What you need to do:
Begin with the line below holding "Women's Relaxed-Fit Wool-Blend" and go on through the line holding "Картридж лазерный CACTUS", duplicating each line exactly and leaving out pictures.

Extracted material:

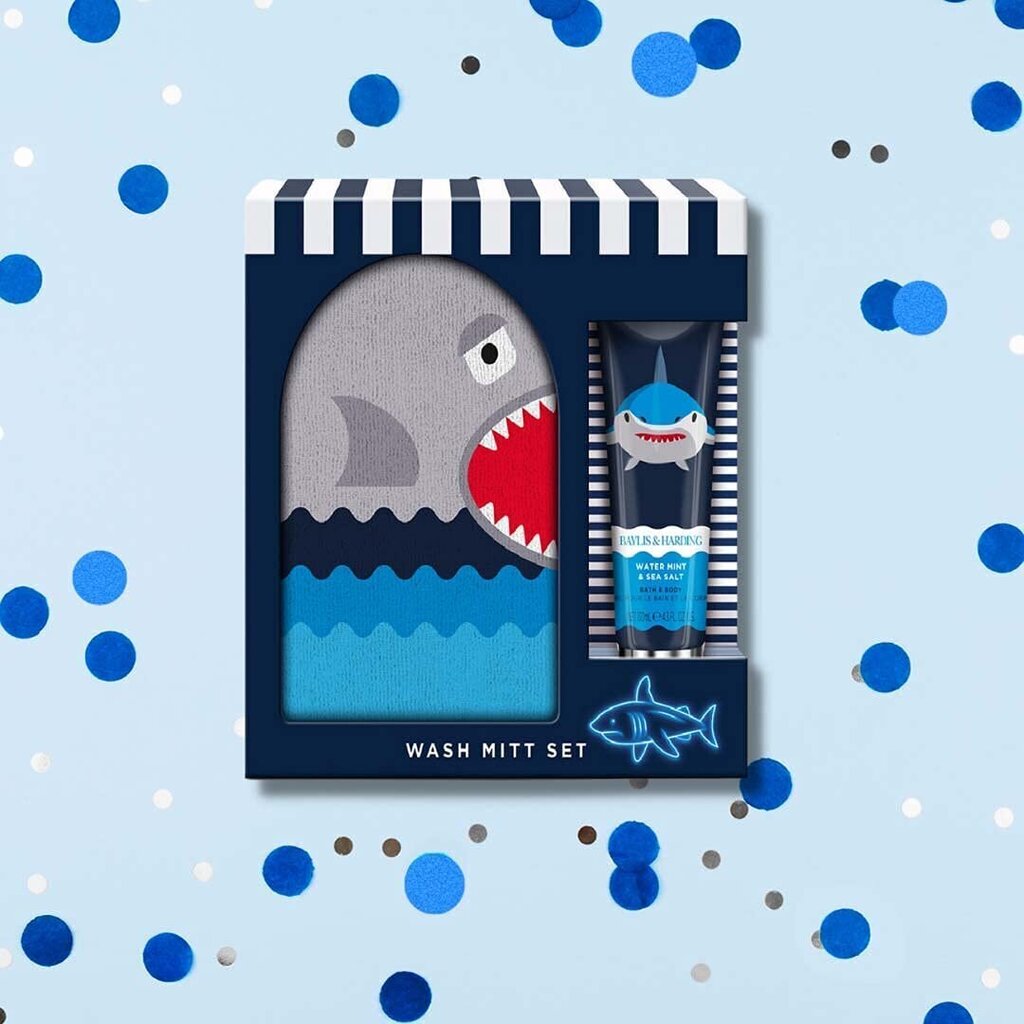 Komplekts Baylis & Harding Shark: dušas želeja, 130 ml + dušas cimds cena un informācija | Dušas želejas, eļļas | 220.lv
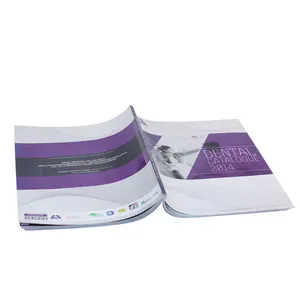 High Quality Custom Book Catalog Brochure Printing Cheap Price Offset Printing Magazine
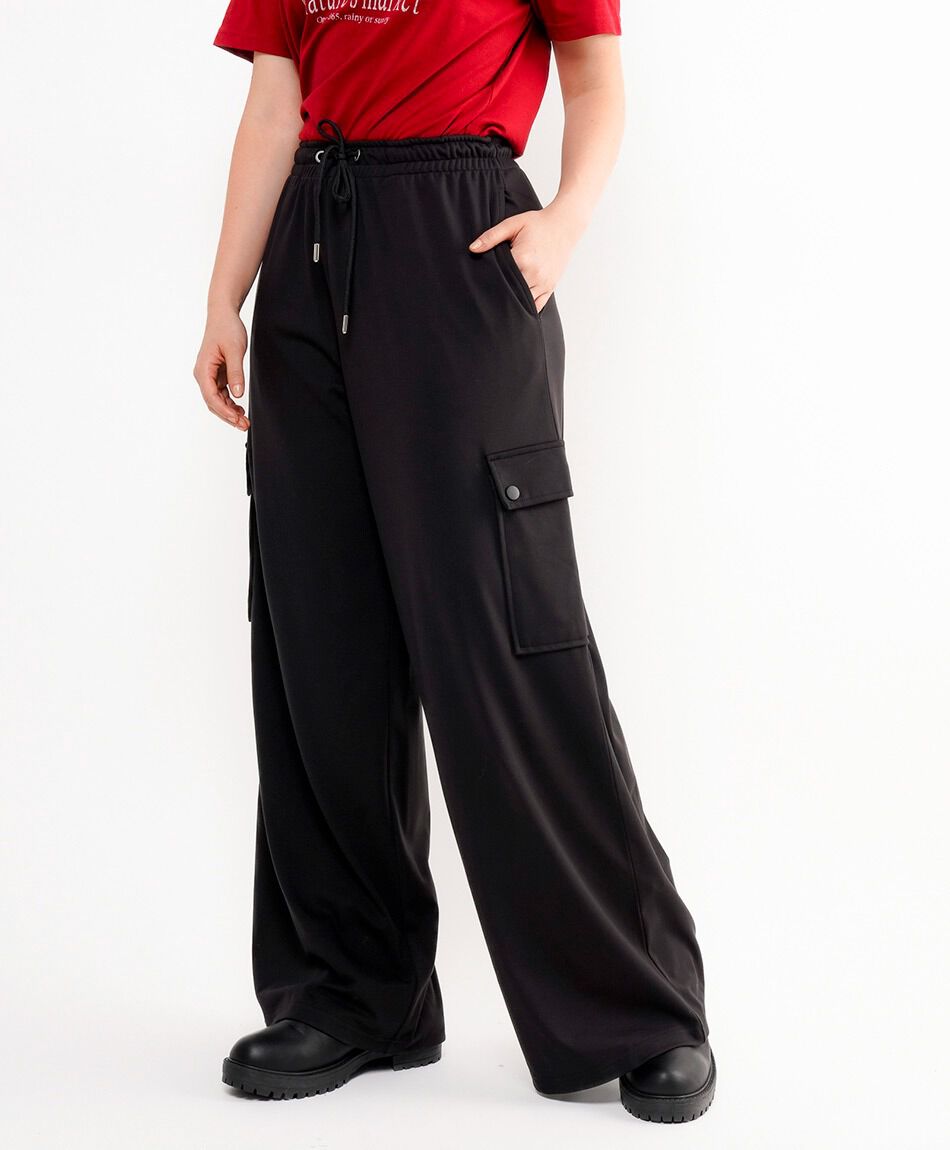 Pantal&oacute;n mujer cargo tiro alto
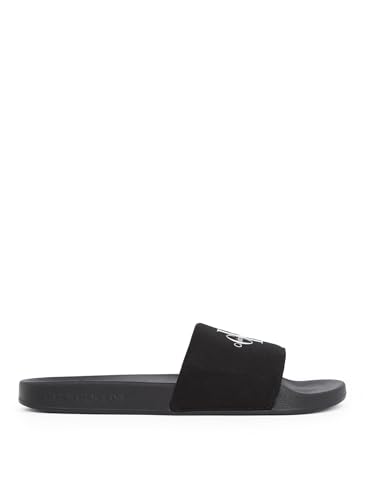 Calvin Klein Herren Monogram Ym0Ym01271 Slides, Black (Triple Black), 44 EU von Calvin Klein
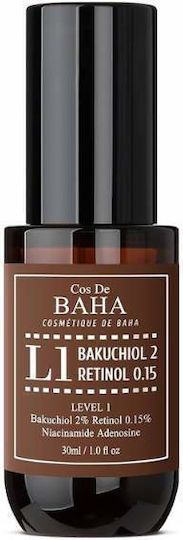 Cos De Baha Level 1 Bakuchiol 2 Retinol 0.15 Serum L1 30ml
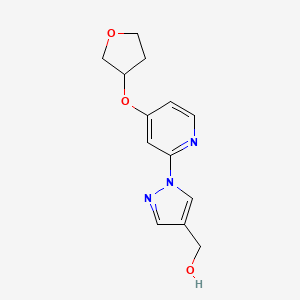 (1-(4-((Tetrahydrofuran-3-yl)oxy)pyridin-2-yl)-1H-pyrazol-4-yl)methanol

--

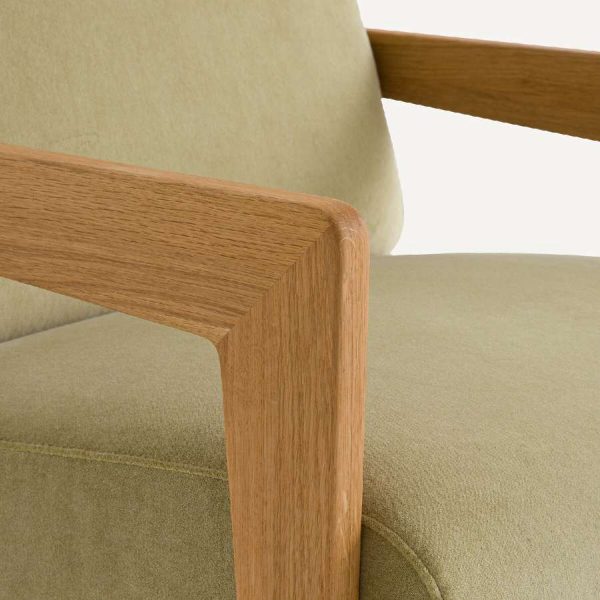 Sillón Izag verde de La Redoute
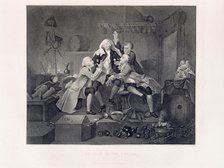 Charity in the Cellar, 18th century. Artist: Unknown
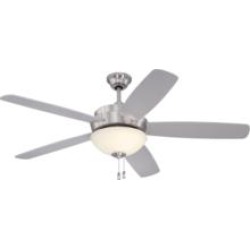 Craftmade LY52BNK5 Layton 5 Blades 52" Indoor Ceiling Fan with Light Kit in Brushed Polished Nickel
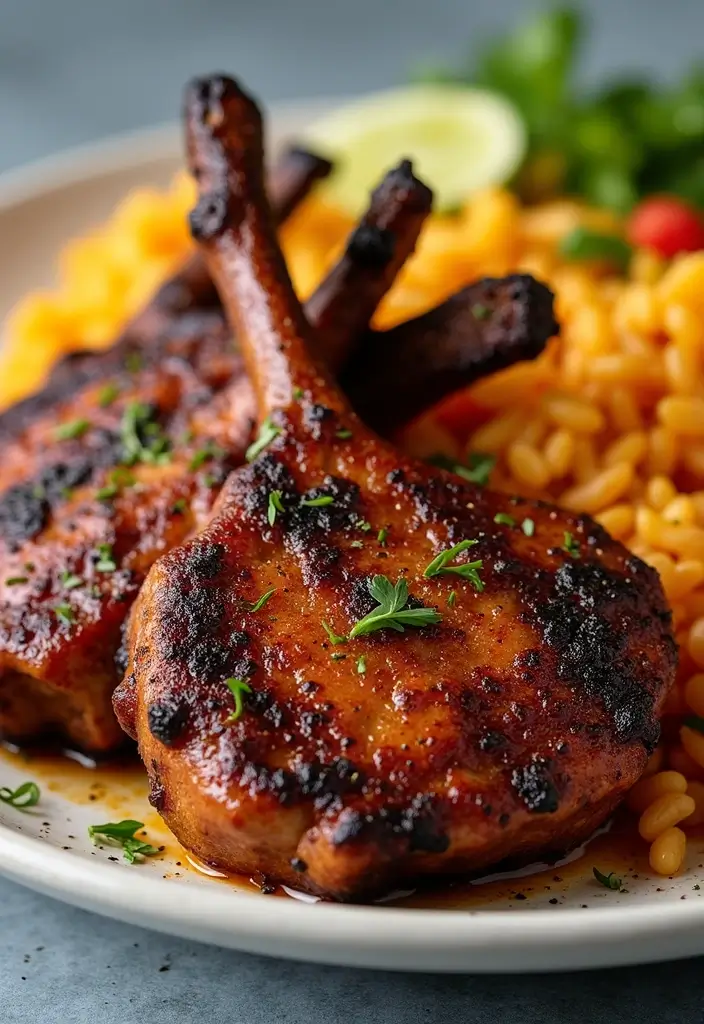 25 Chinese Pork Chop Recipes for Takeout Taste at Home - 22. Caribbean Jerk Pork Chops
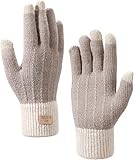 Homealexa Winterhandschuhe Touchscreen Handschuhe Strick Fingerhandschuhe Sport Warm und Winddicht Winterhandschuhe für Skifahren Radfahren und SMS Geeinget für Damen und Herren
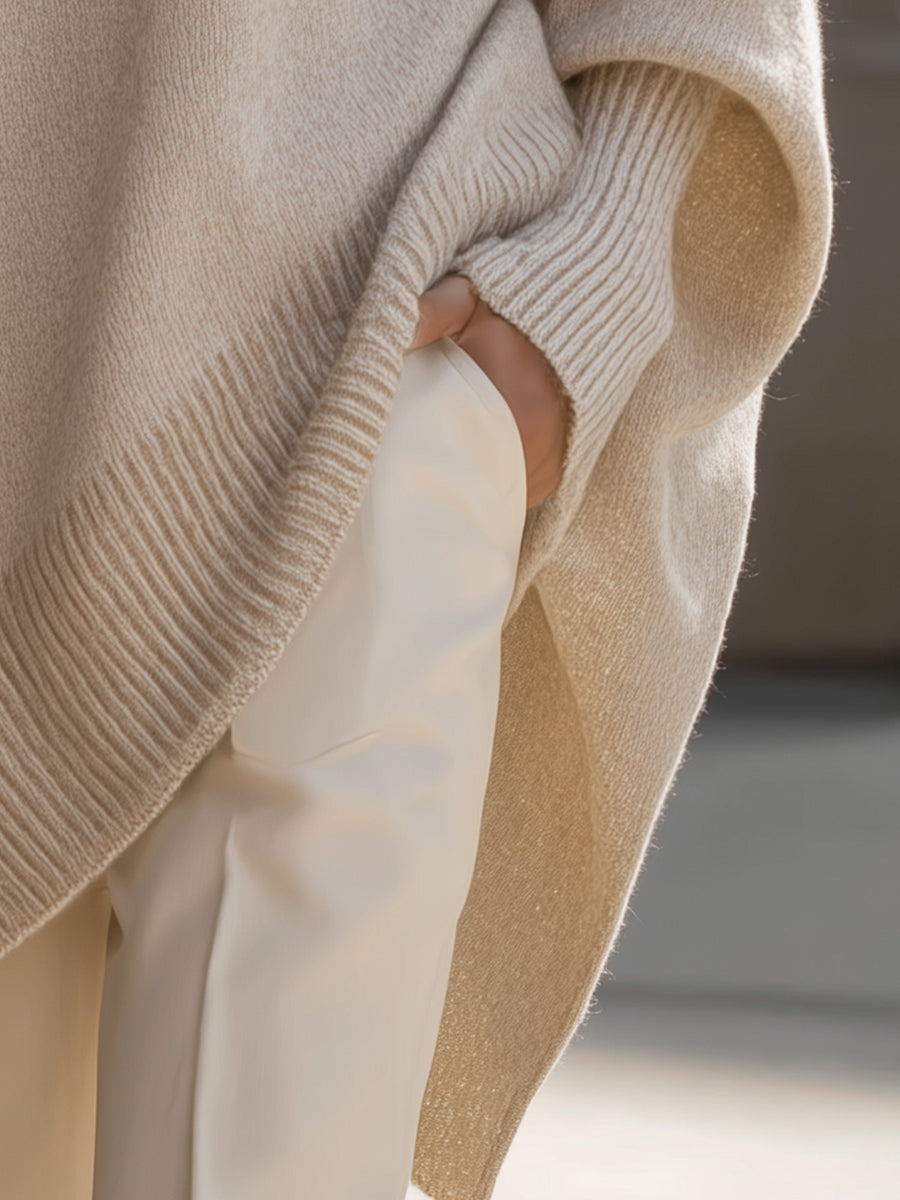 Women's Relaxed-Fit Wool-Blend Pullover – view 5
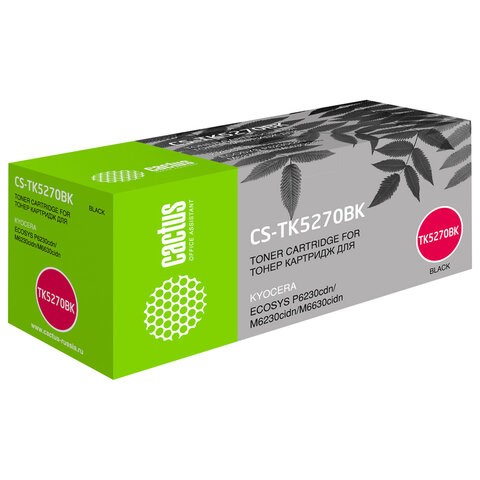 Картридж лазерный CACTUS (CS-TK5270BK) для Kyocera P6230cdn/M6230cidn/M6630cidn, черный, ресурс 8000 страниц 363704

---

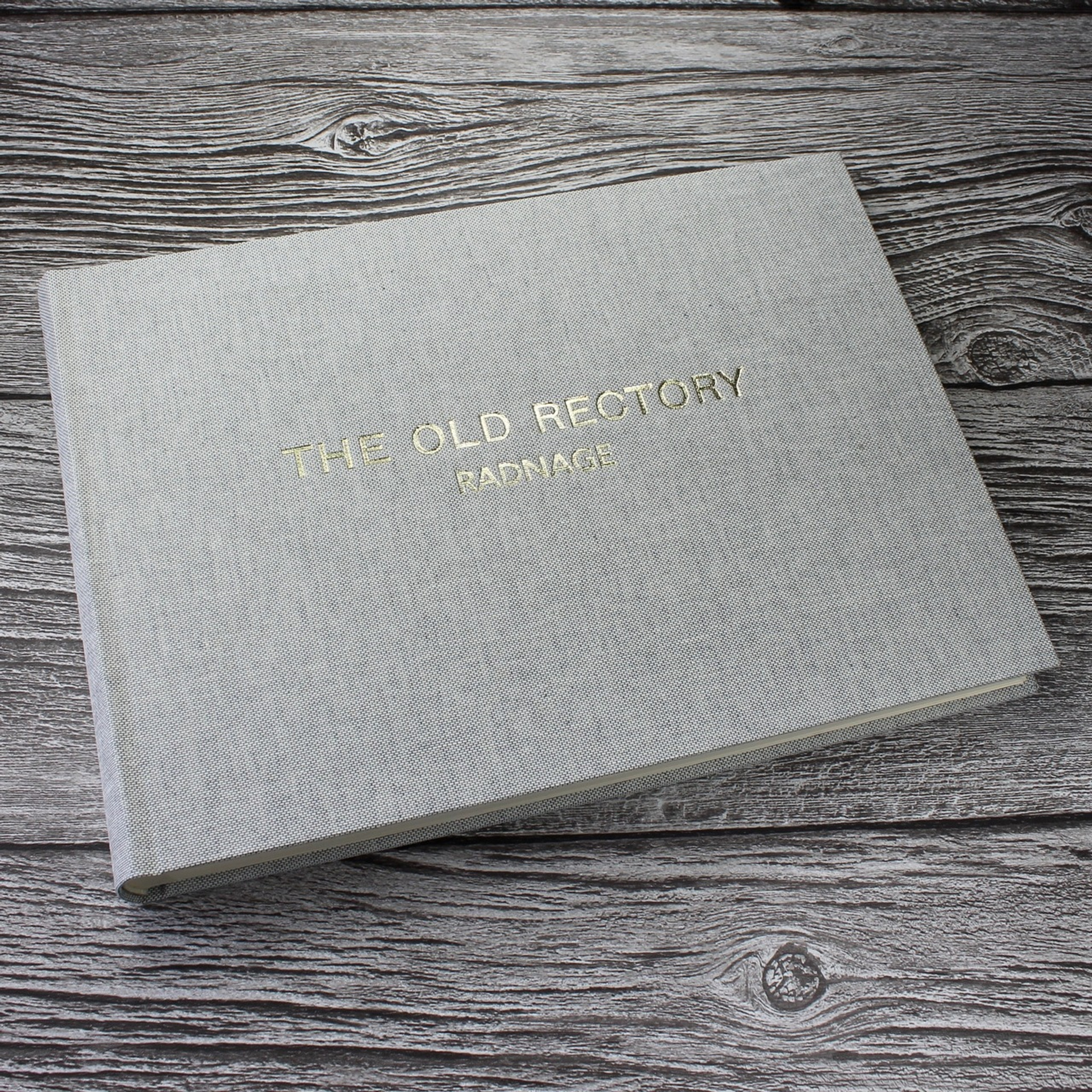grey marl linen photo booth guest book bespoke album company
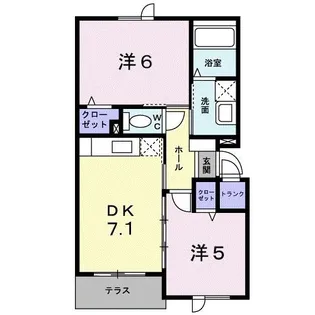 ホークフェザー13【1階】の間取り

Result below:
 Women's Relaxed-Fit Wool-Blend Pullover – view 5
 Картридж лазерный CACTUS (CS-TK5270BK) для Kyocera P6230cdn/M6230cidn/M6630cidn, черный, ресурс 8000 страниц 363704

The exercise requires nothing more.